Centro y Periferia. Desde la época prehispánica, la lucha entre los centros dominantes y sus periferias fue una constante. En buena medida, Hernán Cortés y su puñado de españoles se aprovecharon de esta división para imponerse por sobre los aztecas primero y sobre la totalidad de la población indígena después.
En la época colonial, el virrey tuvo dificultades para controlar a los poderosos de las aisladas provincias.
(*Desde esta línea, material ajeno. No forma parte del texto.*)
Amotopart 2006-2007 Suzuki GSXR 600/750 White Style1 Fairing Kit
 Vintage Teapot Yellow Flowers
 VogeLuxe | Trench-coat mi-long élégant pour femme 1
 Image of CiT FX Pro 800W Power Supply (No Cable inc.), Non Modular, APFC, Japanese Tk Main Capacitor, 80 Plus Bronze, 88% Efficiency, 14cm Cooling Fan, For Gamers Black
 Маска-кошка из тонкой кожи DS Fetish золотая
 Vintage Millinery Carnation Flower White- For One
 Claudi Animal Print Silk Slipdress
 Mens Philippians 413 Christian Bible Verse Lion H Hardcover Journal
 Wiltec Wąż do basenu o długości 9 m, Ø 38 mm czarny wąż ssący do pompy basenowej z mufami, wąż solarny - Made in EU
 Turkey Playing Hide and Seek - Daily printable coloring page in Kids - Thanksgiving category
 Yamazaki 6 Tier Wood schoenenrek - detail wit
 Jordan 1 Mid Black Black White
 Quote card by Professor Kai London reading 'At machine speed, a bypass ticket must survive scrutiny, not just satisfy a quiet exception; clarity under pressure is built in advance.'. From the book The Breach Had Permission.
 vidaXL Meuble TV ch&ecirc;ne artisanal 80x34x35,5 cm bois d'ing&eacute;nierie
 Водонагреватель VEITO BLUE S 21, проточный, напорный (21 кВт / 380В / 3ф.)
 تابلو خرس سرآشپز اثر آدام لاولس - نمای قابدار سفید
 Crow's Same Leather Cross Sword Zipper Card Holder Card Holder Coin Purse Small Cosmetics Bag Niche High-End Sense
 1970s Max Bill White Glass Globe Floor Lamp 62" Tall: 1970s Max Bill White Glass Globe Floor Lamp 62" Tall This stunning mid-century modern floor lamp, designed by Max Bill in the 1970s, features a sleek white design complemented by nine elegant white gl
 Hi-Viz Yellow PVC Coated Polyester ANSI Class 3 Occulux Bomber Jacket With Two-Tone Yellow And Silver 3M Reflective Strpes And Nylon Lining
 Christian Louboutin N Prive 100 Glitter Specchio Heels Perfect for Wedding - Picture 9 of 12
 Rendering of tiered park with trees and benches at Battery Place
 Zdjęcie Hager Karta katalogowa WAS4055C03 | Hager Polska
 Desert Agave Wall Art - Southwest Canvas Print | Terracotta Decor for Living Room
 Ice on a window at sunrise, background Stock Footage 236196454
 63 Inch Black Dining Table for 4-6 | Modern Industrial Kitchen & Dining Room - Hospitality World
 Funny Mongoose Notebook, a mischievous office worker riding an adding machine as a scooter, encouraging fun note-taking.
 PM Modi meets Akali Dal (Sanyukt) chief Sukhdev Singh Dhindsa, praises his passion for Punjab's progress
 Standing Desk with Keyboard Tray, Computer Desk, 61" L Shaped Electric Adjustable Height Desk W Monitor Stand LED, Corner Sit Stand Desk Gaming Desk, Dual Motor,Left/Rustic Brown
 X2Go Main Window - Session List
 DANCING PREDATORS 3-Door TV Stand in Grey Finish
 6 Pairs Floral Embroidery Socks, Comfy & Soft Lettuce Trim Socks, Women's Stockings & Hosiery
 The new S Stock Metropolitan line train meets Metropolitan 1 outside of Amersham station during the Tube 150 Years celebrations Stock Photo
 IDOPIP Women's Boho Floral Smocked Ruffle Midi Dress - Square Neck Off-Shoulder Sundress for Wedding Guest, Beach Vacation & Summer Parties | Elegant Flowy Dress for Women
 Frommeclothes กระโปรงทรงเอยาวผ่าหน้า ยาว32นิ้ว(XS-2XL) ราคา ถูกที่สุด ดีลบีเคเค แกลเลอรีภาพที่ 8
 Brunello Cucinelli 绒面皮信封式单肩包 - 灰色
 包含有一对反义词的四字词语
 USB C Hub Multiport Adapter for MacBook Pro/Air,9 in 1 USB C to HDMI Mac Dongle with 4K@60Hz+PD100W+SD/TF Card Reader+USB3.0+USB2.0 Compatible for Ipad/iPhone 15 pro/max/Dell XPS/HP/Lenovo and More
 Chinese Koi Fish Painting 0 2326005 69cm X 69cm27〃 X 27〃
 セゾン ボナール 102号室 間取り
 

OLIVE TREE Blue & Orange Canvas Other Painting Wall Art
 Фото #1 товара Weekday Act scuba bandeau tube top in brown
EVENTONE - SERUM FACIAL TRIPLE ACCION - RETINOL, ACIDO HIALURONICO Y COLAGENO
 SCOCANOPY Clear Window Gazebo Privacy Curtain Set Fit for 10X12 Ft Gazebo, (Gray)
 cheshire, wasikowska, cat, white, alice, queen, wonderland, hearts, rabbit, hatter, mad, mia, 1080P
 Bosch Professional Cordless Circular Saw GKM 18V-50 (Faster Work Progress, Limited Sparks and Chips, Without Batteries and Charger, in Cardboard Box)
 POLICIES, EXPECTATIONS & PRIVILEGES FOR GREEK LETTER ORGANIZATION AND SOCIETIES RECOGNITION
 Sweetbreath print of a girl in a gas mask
El siglo XIX se explica como una lucha de un centro inicialmente débil y una periferia muy localista.
La posrevolución del siglo XX fue el triunfo total del centralismo presidencialista sobre los estados, pero el inicio del siglo XXI es la pérdida de poder del presidencialismo y la ganancia de los estados, algunos de ellos auténticas satrapías, como son los casos de Puebla y Oaxaca. El justo medio entre estados y federación sigue sin alcanzarse.

La Lista es más Larga. Las contiendas enumeradas son apenas parte de una lista mayor que constituyen el sentido –o el sin sentido- de nuestra historia.
La lucha contra la pobreza es otro esfuerzo que a mediados del siglo pasado se confió en ganarla, pero ahora ese optimismo va en retirada. Otro conflicto que se creía superado, pero que ha vuelto a plantearse, es el de la Iglesia Católica contra el Estado laico.
La Revolución Mexicana se ilusionó con la idea de haber resuelto “el problema indígena”, pero en 1994 los neozapatistas chiapanecos mostraron que ése no era el caso. Mil veces se ha declarado la guerra a la corrupción, pero ésta sigue tan firme como siempre. Finalmente, el añejo tema de la lucha guerrillera ha retornado.

Conclusión. Hoy lo que se puede concluir es que México no ha concluido ninguna de sus grandes batallas históricas y que Faulkner tenía razón y de sobra.